When the Voyager I flew past Saturn in 1980, it found Titan is unique among all the moons of all the planets in the Solar System. It is the only moon with more than a trace of atmosphere. In fact, Titan's "air" is twice as dense as the Earth's, and - like our planet - the atmosphere is made up mainly of nitrogen. (Hydrogen, methane or carbon dioxide predominate in other planetary atmospheres.)

Voyager was programmed to photograph Titan's surface in intimate detail, but all the images showed was unrelieved orange cloud. These clouds held their own fascination, because they are made of organic "gunge". Ultraviolet radiation from the Sun has broken up molecules of methane and ethane in the atmosphere and welded them together as complex molecules.

Drops of sticky rain may fall from the clouds to mingle with pools of liquid ethane on Titan's hidden, chilly surface. At one time, astronomers even thought Titan might be covered entirely by a deep ocean of liquid ethane.

But now Athena Coustenis, an astronomer at the Meudon Observatory in Paris, has disproved this theory by taking pictures of the surface of Titan with a telescope on the Earth. She had to employ two new tricks. First, Coustenis observed not light but infra-red radiation, which can penetrate the organic drops in the clouds. Second, she used a giant European telescope at La Silla in Chile that is fitted with "adaptive optics" - a small flexible mirror that continually bends to compensate for blurring caused by the Earth's atmosphere, and so keeps the tiny features on Titan in crisp focus.

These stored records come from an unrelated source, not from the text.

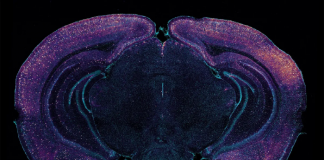 ‘깜빡’이는 40Hz 소리와 빛이 ‘알츠하이머’ 치료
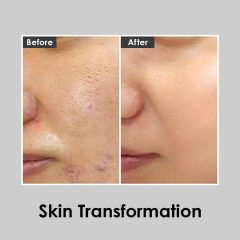 Alternative view of تونر اسانس پپتید 9 آکوا  مدی-پیل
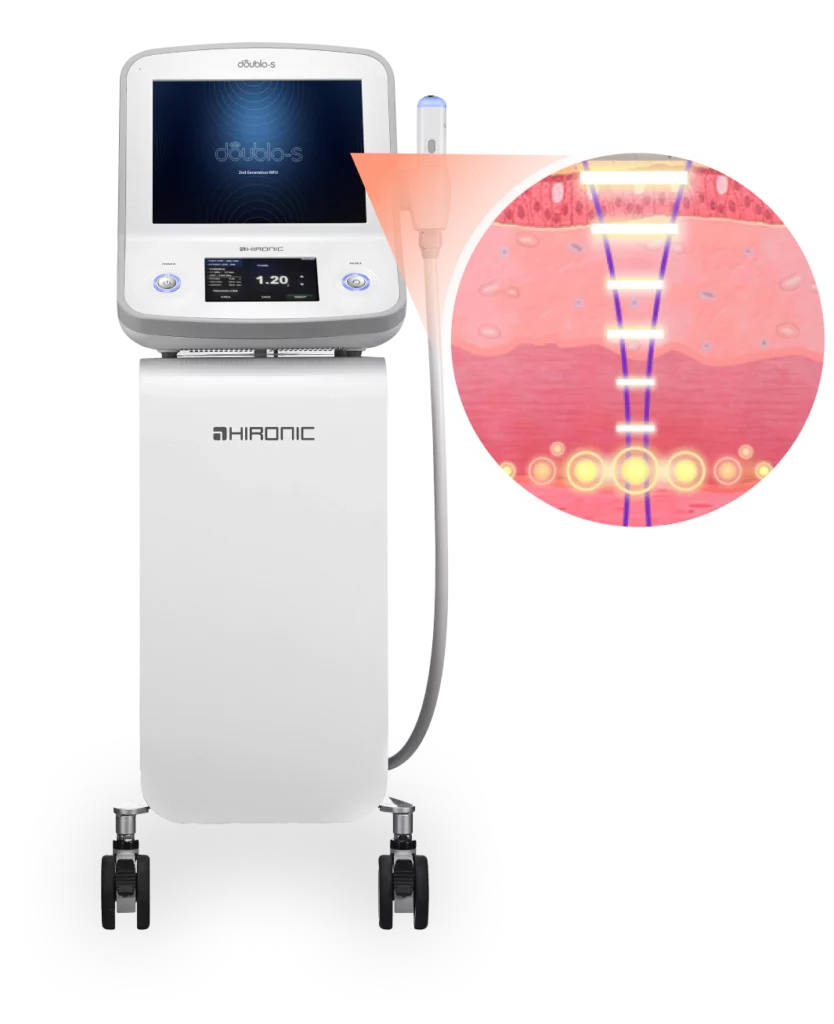 展现提拉原理的韩版超声刀设备.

Coustenis found several bright regions, indicating that the surface of Titan is mainly solid, though there may be some seas of liquid ethane. There is a polar cap at the north pole, which may consist of frozen ethane or methane "snow". Most exciting is a very bright spot near Titan's equator. It is probably a huge mountain, perhaps three times the height of Mount Everest, and capped with ethane or methane snow.

What has raised such a giant mountain on a world much smaller than the Earth? One strong contender is a vast volcano. A highly volcanic surface would also account for Titan's dense atmosphere, with its rich cocktail of gases. We'll know better when the international Cassini-Huygens spacecraft arrives in 2004. While Cassini orbits Saturn, Huygens will descend through Titan's clouds and land on the frozen surface.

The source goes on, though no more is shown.